Gabe Jacome is terrified of haunted mazes. But when the Lake Braddock eighth grader literally ran into some of his friends working at the Interstate Haunted Maze, he decided to join the scare team.
“In the maze, I stand right in front of people and then jump out when they least expect it,” he said, decked out in a grey robe down to his ankles, with skeleton hands and a chilling ghoulish mask. “When I've really scared someone, it makes me laugh a lot.”
The maze wrapped up its second year at the Interstate Moving Relocation Logistics storage facility on Morrissette Drive in Springfield on Nov.1. Haymarket resident Eric Fierst works for Interstate and created the maze in 2001.
A LIFELONG FAN OF HALLOWEEN and scary movie buff, Fierst initially built the maze inside a moving trailer he would park in his own driveway. The trailer and maze came along as Fierst and his family moved to Minneapolis, St Louis and then Virginia in 2011. While in St Louis, they had around 1,000 trick-or-treaters come through the maze in 2010.
Each year, Fierst adds props like severed feet, a zombie toddler hanging from a swing and caskets from Batesville Casket Company (St Louis). For 2014, he’s built in pneumatic devices, air cylinders that make hands and body parts move.
And as the event became more popular, he decided it could be more than just a maze.
“It grew from trying to entertain people for Halloween to, ‘Let's try to reach out and do something for the community.’ And that's where we started the canned food drive.”
Fierst’s home owners association in Haymarket wouldn’t allow him to run the maze in the driveway, so he approached Interstate with an idea: Why not partner with the Springfield-based charity ECHO (Ecumenical Community Helping Others) and hold the event at the Springfield Interstate facility?
“It just sounds to me it would be a fit,” said Fierst. “Let's do this.”
ECHO supports people in short-term emergencies with food and money, and helps low-income earners with clothing and home essentials.
FOR 2013, Fierst set up his homemade house of horrors at Interstate for a single weekend around Halloween. The maze covers an enclosed 20 by 28-foot structure, with rest of the path comprising shipping containers.
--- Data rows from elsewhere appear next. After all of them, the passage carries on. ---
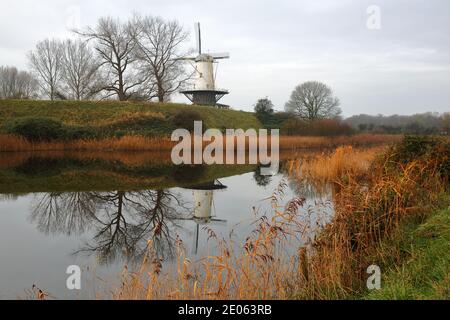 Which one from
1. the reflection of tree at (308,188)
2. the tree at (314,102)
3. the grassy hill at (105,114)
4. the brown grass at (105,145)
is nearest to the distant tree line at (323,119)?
the tree at (314,102)

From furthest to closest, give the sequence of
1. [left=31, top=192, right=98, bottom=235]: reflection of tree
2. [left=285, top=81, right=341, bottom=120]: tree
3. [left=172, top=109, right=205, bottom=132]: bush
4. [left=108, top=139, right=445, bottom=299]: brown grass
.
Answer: [left=285, top=81, right=341, bottom=120]: tree < [left=172, top=109, right=205, bottom=132]: bush < [left=31, top=192, right=98, bottom=235]: reflection of tree < [left=108, top=139, right=445, bottom=299]: brown grass

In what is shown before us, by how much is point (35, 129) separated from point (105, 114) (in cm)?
646

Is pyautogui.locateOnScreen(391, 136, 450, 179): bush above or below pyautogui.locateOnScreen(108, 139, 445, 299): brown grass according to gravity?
above

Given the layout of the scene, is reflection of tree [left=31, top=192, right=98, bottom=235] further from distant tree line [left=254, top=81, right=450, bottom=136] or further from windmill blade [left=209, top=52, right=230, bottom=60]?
windmill blade [left=209, top=52, right=230, bottom=60]

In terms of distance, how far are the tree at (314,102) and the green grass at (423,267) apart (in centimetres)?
3964

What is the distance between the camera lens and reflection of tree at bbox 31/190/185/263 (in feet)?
19.7

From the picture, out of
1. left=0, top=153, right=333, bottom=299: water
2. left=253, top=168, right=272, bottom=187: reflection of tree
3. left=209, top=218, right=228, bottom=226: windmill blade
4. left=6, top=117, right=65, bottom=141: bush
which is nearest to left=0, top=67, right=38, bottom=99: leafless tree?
left=6, top=117, right=65, bottom=141: bush

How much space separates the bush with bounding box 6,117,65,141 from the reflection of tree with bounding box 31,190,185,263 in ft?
39.0

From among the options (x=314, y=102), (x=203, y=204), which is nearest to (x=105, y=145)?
(x=203, y=204)

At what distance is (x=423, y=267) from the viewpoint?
152 inches

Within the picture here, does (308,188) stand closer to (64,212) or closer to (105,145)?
(64,212)

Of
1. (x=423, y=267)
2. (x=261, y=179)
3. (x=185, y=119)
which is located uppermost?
(x=185, y=119)

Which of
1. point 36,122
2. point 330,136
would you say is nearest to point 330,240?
point 36,122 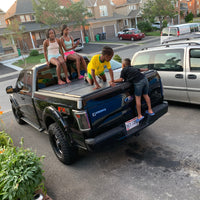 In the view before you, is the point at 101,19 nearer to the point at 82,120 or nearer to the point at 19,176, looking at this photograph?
the point at 82,120

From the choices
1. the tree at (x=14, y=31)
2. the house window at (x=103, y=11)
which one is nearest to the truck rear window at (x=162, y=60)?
the tree at (x=14, y=31)

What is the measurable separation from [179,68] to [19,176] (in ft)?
15.3

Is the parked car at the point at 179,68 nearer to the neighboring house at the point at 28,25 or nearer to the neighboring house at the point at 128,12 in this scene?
the neighboring house at the point at 28,25

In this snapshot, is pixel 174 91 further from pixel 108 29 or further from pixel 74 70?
pixel 108 29

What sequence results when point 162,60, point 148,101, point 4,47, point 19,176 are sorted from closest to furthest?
point 19,176
point 148,101
point 162,60
point 4,47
Walking takes up to six minutes.
The first year in its new location, Fierst and company collected about 1,000 pounds of food for ECHO. Encouraged by the turnout, and perhaps the tradition of neverending Halloween movie sequels, he decided to run the maze for two weekends in 2014: Oct. 24, 25, 31 and Nov. 1.
Fierst said total attendance for both weekends was 1,275, bringing in 1,940 pounds of food and $250.50 in cash donations.
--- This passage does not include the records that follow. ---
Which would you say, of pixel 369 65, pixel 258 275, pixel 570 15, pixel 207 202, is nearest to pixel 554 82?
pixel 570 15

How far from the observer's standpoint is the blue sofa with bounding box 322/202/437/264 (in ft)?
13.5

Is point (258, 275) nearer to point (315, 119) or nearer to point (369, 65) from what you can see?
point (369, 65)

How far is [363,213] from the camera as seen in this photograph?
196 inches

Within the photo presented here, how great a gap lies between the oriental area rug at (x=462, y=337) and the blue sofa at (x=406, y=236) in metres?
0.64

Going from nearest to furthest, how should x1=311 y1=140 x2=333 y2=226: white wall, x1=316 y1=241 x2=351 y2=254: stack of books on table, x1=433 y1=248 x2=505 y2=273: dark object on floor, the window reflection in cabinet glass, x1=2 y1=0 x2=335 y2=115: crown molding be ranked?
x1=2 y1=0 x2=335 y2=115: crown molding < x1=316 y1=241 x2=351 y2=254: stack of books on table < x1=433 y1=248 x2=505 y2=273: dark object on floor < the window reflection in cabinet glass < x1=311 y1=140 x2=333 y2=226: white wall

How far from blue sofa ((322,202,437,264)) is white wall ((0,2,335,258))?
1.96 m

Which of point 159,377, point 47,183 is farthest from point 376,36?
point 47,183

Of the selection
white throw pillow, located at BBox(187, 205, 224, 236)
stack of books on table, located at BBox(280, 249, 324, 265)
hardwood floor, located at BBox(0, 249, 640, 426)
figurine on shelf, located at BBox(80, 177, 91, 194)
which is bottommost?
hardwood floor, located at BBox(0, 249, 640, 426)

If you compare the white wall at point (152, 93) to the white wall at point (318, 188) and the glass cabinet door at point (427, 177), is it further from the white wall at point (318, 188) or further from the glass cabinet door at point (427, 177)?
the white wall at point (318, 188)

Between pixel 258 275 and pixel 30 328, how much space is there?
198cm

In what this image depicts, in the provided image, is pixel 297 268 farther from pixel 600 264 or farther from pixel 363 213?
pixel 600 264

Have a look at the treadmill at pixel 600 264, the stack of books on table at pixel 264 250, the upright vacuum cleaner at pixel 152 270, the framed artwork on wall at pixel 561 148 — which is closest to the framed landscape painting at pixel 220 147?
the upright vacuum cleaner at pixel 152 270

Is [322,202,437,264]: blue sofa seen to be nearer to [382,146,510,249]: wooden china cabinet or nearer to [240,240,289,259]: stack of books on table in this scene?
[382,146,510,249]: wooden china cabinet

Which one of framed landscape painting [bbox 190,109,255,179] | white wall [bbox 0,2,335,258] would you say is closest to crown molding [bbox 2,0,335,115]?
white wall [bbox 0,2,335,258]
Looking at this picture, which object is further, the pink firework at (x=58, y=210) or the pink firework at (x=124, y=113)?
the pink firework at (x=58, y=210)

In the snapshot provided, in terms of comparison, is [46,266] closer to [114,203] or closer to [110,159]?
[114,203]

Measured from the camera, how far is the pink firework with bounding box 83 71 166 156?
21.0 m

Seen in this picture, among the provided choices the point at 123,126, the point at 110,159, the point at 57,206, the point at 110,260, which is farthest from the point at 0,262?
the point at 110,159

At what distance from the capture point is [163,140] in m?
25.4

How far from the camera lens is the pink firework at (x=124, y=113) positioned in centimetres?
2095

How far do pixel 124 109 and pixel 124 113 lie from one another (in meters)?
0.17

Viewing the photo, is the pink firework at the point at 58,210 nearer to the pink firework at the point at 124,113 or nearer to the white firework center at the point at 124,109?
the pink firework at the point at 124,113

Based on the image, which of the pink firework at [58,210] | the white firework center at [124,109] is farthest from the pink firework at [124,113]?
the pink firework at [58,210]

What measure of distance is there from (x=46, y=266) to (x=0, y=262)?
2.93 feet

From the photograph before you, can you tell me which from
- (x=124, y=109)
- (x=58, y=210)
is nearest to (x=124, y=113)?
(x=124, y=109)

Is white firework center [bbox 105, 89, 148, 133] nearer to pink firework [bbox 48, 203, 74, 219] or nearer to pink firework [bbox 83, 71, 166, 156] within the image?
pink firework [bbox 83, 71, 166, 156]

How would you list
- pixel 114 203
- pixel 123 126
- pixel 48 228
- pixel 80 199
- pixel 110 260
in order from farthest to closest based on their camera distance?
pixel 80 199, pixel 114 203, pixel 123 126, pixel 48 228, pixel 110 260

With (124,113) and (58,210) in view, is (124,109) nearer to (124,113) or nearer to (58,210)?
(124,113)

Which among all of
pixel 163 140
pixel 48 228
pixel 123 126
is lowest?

Irving Middle School eighth grader Nick Beck attended the maze in 2013, then asked if he could volunteer when he returned in 2014.
“It’s for a good cause,” he said. “I just wanted to help out, and I get some community service hours for my school.”
Volunteers from Lake Braddock, West Springfield High School and Irving helped construct the maze beginning in early October, with anywhere from 10 to 25 students committing several nights per week. Then they got to be the maze’s living (or dead) components.
Beck’s deranged clown costume was his own idea. “I'm just like a psycho clown killer guy,” he said. “I just got some fake blood and put it on a lab coat, and got a chainsaw.”
Beck was joined in the maze by Fierst’s children Brooke,6, and Blake,8.
“It’s a great touch, the mask with the princess dress,” said Fierst’s wife Loan, referring to Brooke. “The kids are completely into it; I sort of married into it, but it’s a family tradition now.”